Data below.
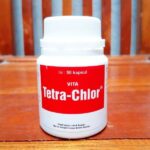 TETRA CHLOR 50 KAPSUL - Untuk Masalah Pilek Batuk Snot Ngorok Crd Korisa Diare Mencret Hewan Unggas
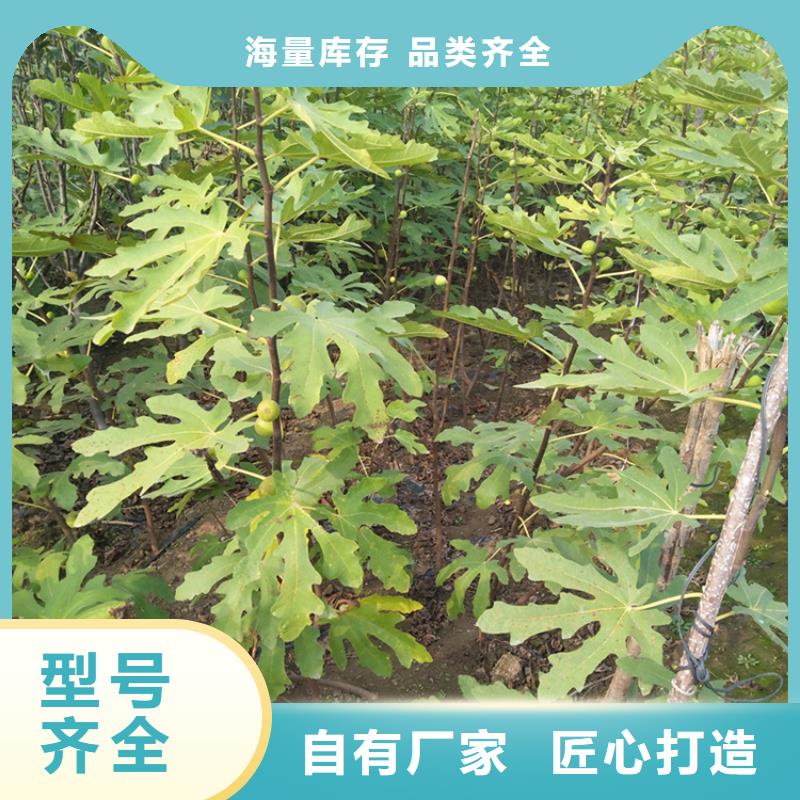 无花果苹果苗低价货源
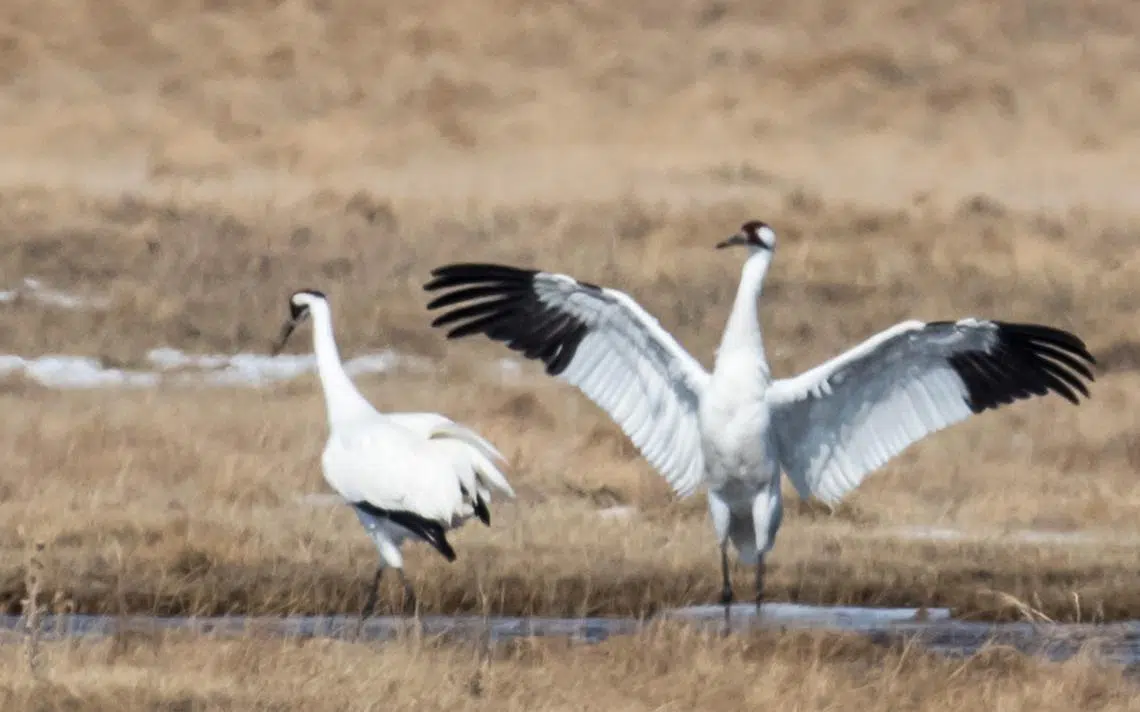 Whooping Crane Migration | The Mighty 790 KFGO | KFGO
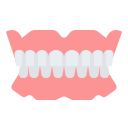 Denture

Task item. Skip the pictures. Write out exactly the lines from the one with "Whooping Crane Migration" through the last line of the listing, both ends included, and nothing more.

Written reply.
 Whooping Crane Migration | The Mighty 790 KFGO | KFGO
 Denture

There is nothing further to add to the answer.